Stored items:
Content starts
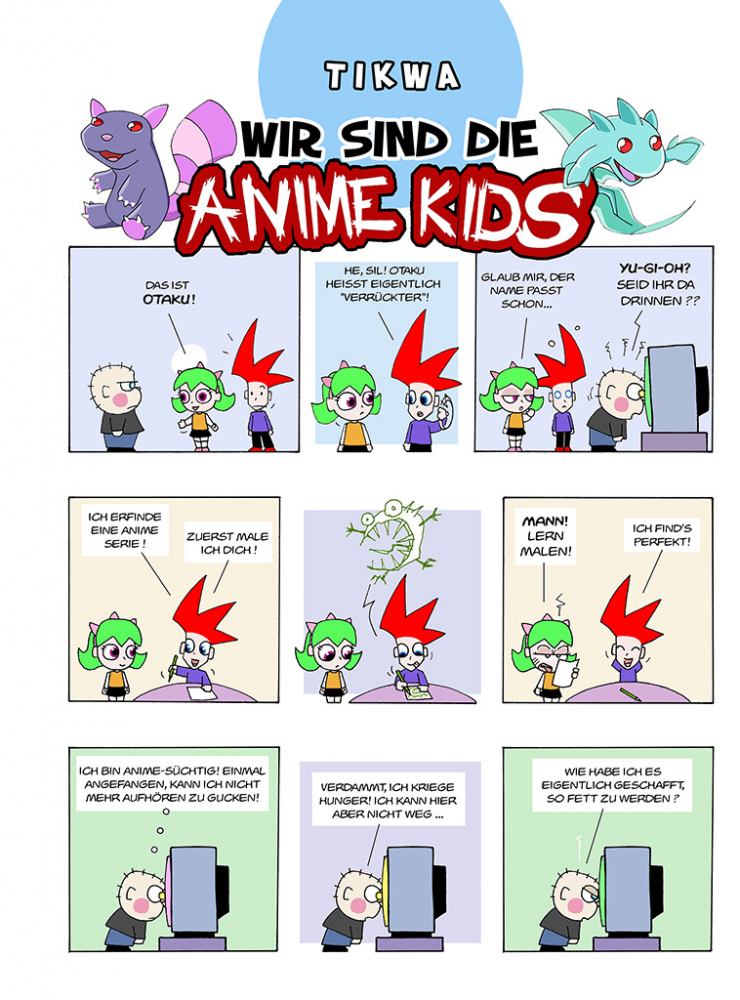 Buch: ANIME KIDS - Auszug aus dem neuen Album! 3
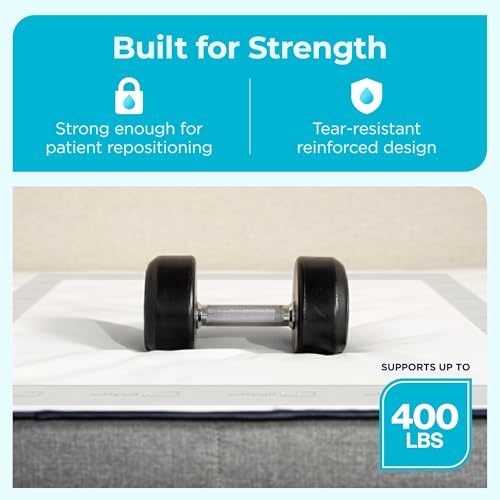 Image of Inspire Extra Large Super Absorbent Disposable Bed Pads for Incontinence Ultra Thick and Absorbent Bed Pads Disposable Adult | Puppy Pads | Pee Pads for Adults (Duramax 30 inch x 36 inch)
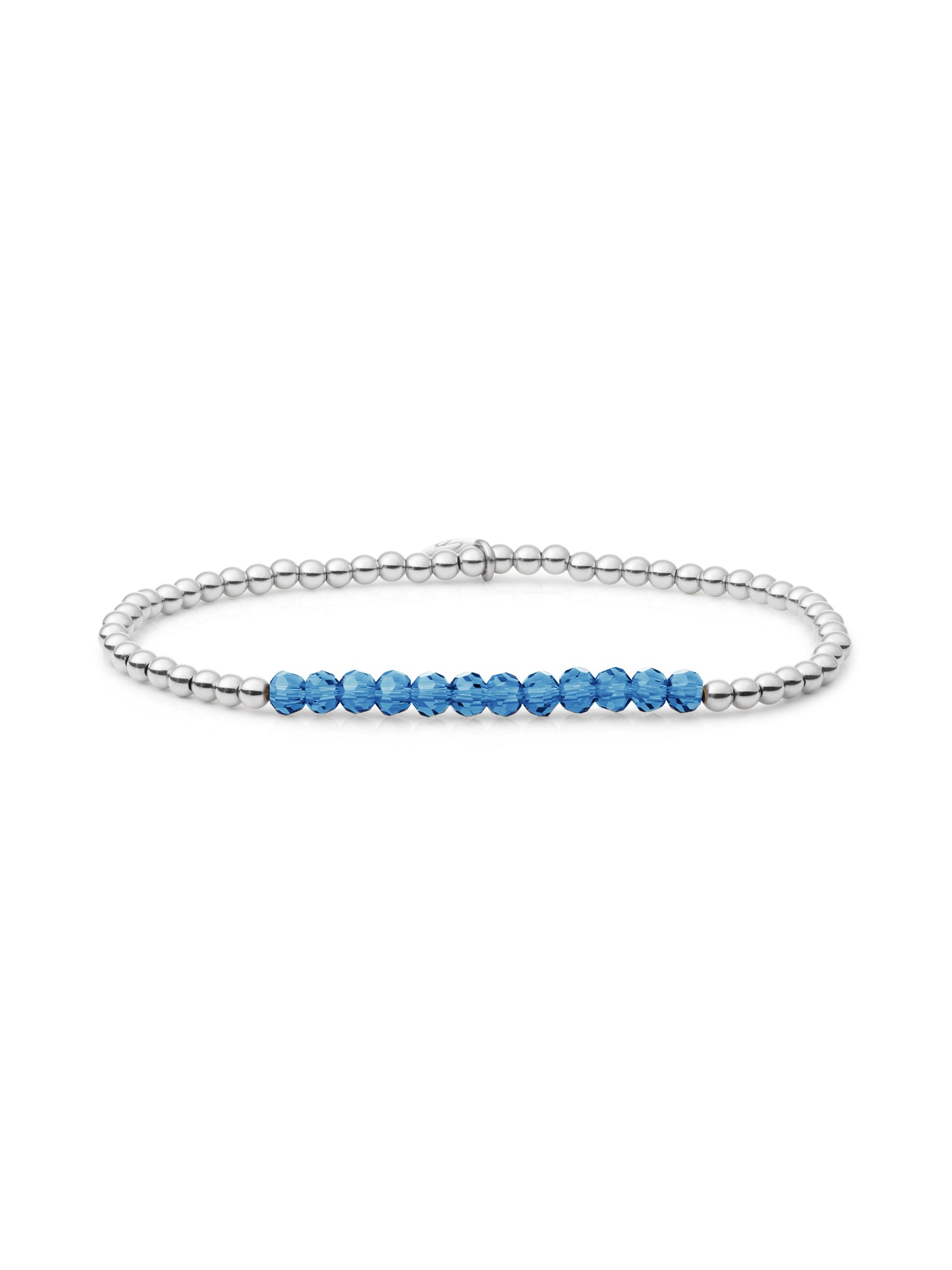 Universe Armband Topaz Quartz - Rhodium Plated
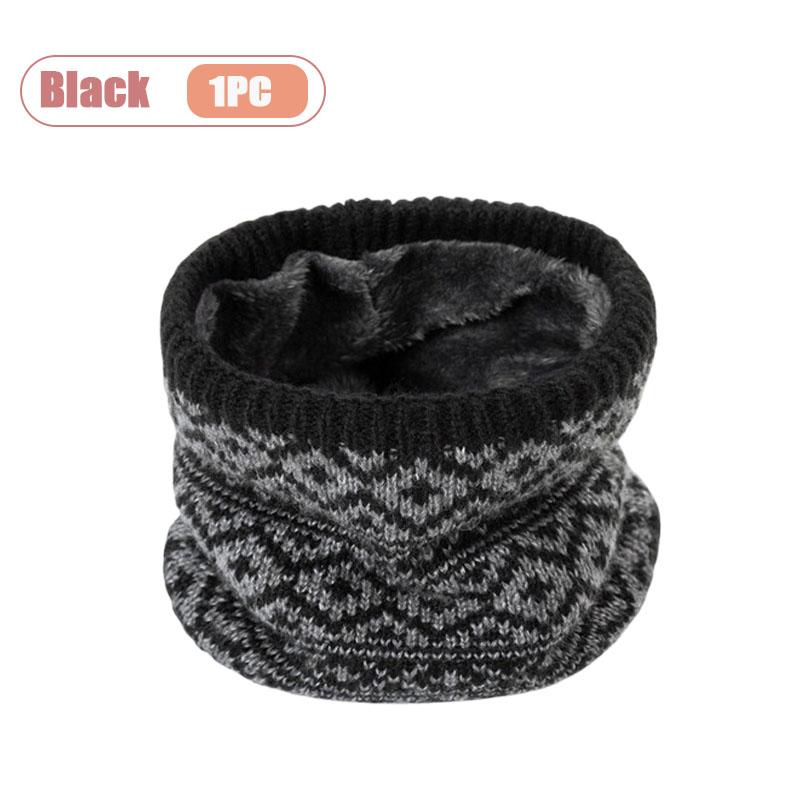 1-6PCS Outdoor Riding Neck Warmer Fleece for Fall and Winter Cold Proof Windproof Neck Guard Christmas Gift Neck Brace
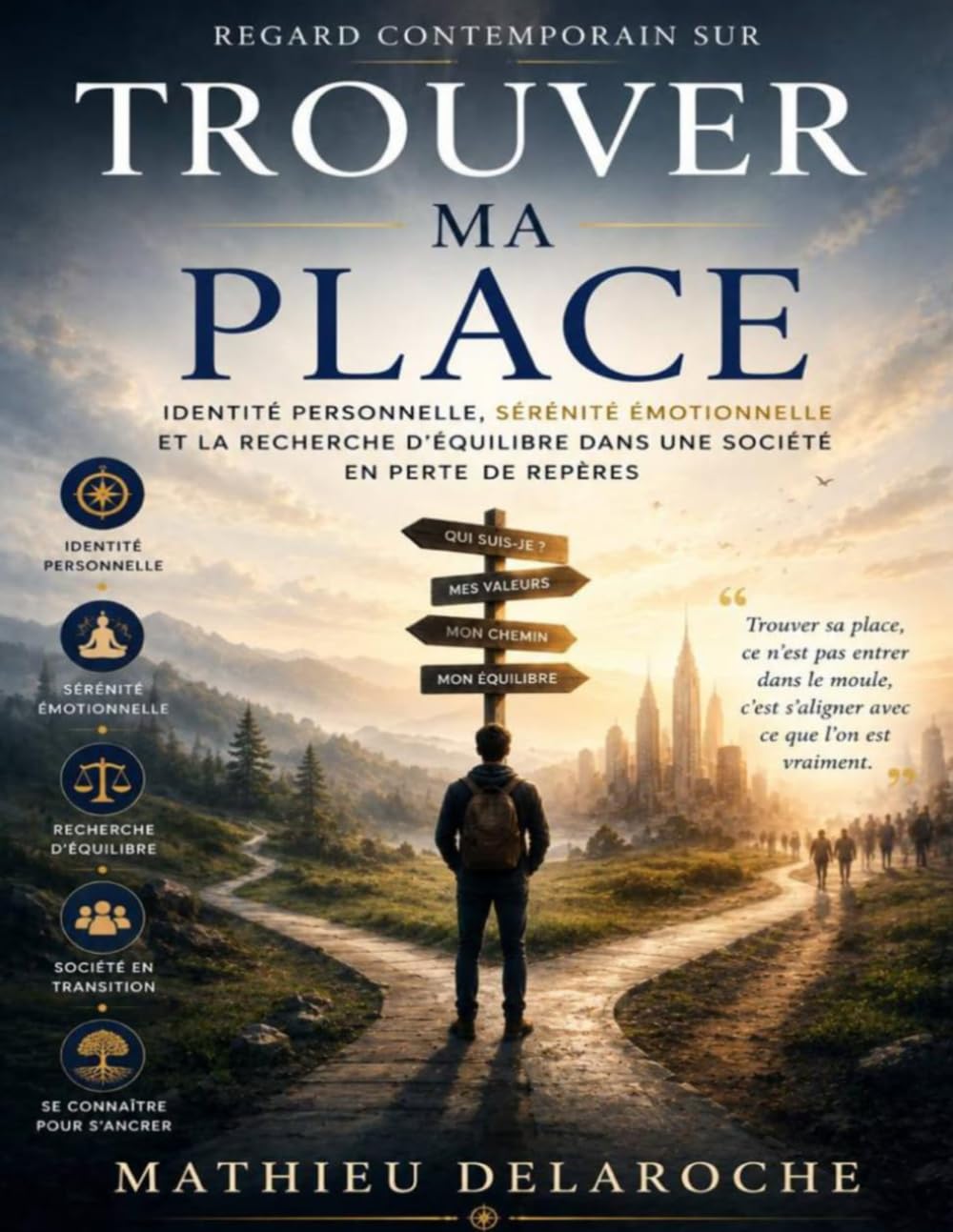 Regard contemporain sur Trouver ma place: Identité personnelle, sérénité émotionnelle et la recherche d’équilibre dans une société en perte de repères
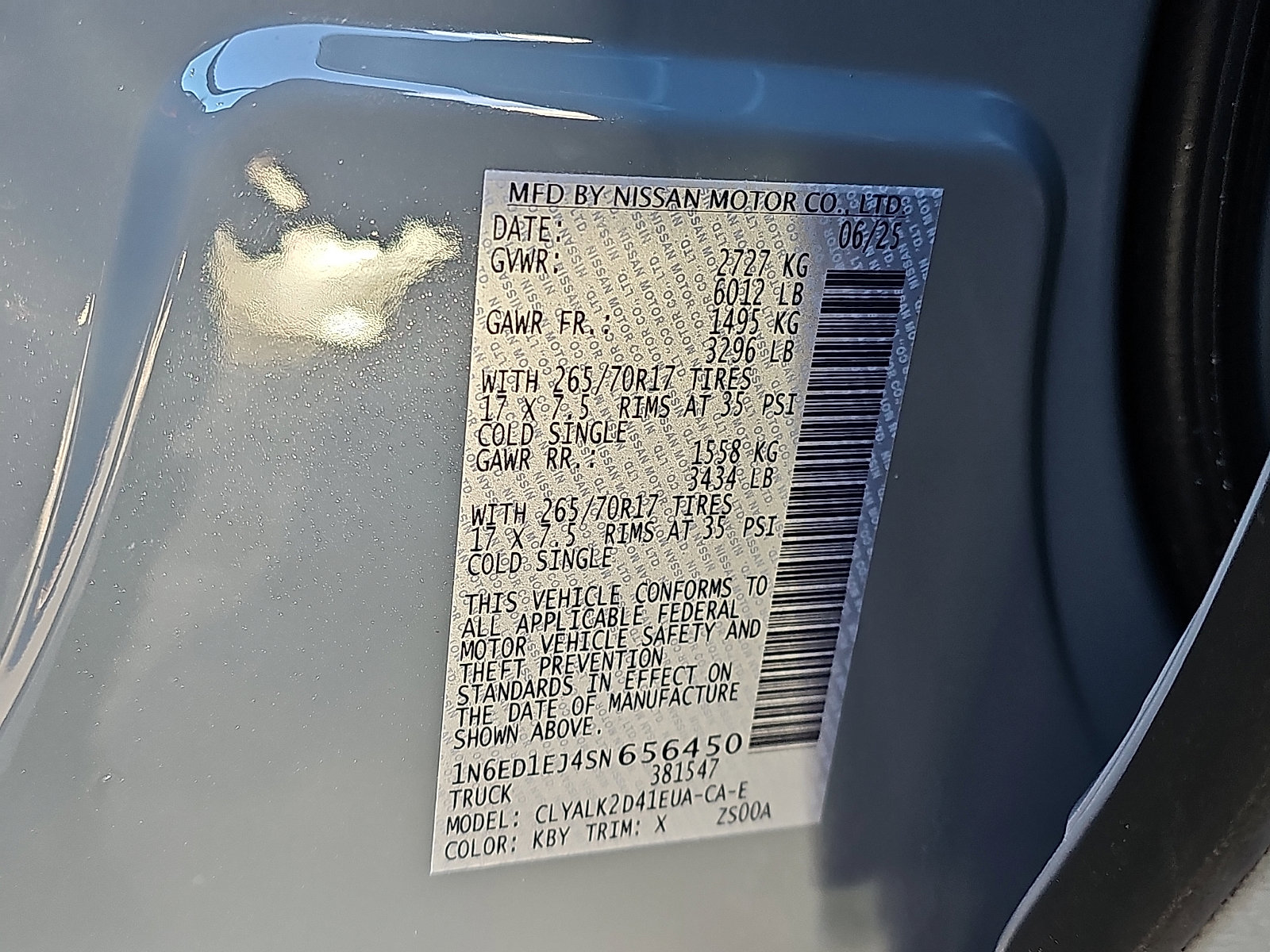 Certified 2025 Nissan Frontier Pro-X w/ Pro Convenience Package image 27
Content ends
◆ The problem
Working down from the line with "Regard contemporain sur", copy each line exactly until the last line of the entries, which is also included. Omit the pictures.

◆ Solution
 Regard contemporain sur Trouver ma place: Identité personnelle, sérénité émotionnelle et la recherche d’équilibre dans une société en perte de repères
 Certified 2025 Nissan Frontier Pro-X w/ Pro Convenience Package image 27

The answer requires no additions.